Well, in our state here in Ohio, the food industry itself, if you just look at the food processing sector, it accounts for about $15 billion worth of value added in the state. And that's about 2.5% of gross state product. And that compares pretty favorably actually with the share that that sector takes of the US's gross domestic product. 

The industry here employs about 112,000 folks. That's about 1.6% of the Ohio total employment. And the sector here in Ohio accounts for about $1.6 billion worth of exports of food and processed food products. 

Do you know off the top of your head how much Ohio exports as a whole? 

Not off the top of my head. I have the data sitting in tables back in my office. But-- 

Because one of the things-- one of the sort of hidden truths about agriculture is it is an extraordinarily important component of global trade and of US trade in particular. 

Yeah. In fact, I was looking at the numbers this morning in preparation for coming to talk to you guys. And as you know, the US overall is running a trade deficit in goods. We run a trade surplus in services. But overall in trade and services, we run a deficit. 

But one of the few sectors that actually runs a small positive export surplus is actually the food and agricultural sector. And it's been pretty rock solid running that surplus over the past 20, 25 years compared to other sectors, which of course are running deficits. 

And what is it? Is it grain? Is it fruit? Is it meat? Is it the whole thing? 

It's predominantly the major commodities-- soybeans, corn, wheat to some extent, sorghum, and processed products. We don't-- the actual share of total trade taken by this sector is not huge. But that's because, of course, food is a relatively low proportion of income spent by most consumers, at least in developed countries. Of course, in countries like China, which have had obviously very fast expanding demand, incomes over the past 20, 25 years, we've seen a significant shift in their diets away from rice, fish, and vegetables towards a much more meat-based diet, which we can talk about a little bit later when we get on to talking about what the Chinese are doing with their trade policy vis-a-vis agriculture. 

One of the things that struck me over the years, though, is the degree to which agriculture-- the original industry, the first sector, the primary sector-- is so much the point of the spear of trade disputes.

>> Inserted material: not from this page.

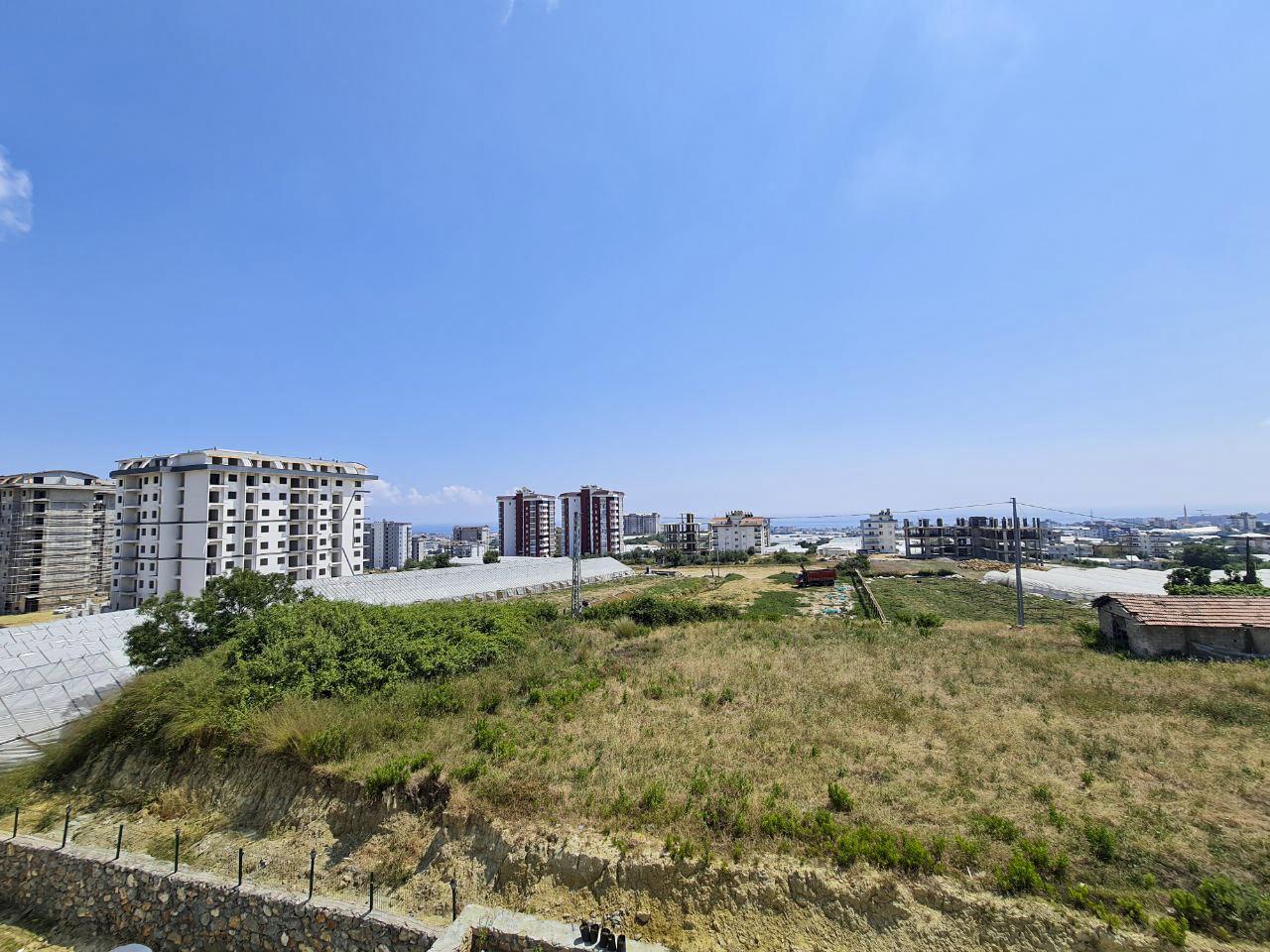 Квартира в Алании, Турция, 150 м² - фото 9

I'm old enough to remember when the big rival for US business was Japan. And there were huge battles over the exporting of apples from Washington state and of rice. 

And the US trade representative was complaining mightily about protection for apples and rice from Japan. And it's just always been this extraordinarily contentious part of trade policy. Why is that? 

Well, there's two things going on here. First of all, compared to the manufacturing sector, trade has actually not been liberalized that extensively in agriculture. So the first time that agriculture was brought under the rules of what was then the General Agreement on Tariffs and Trade, now the World Trade Organization, only really occurred in the last round of trade negotiations that were successful, the Uruguay Round. 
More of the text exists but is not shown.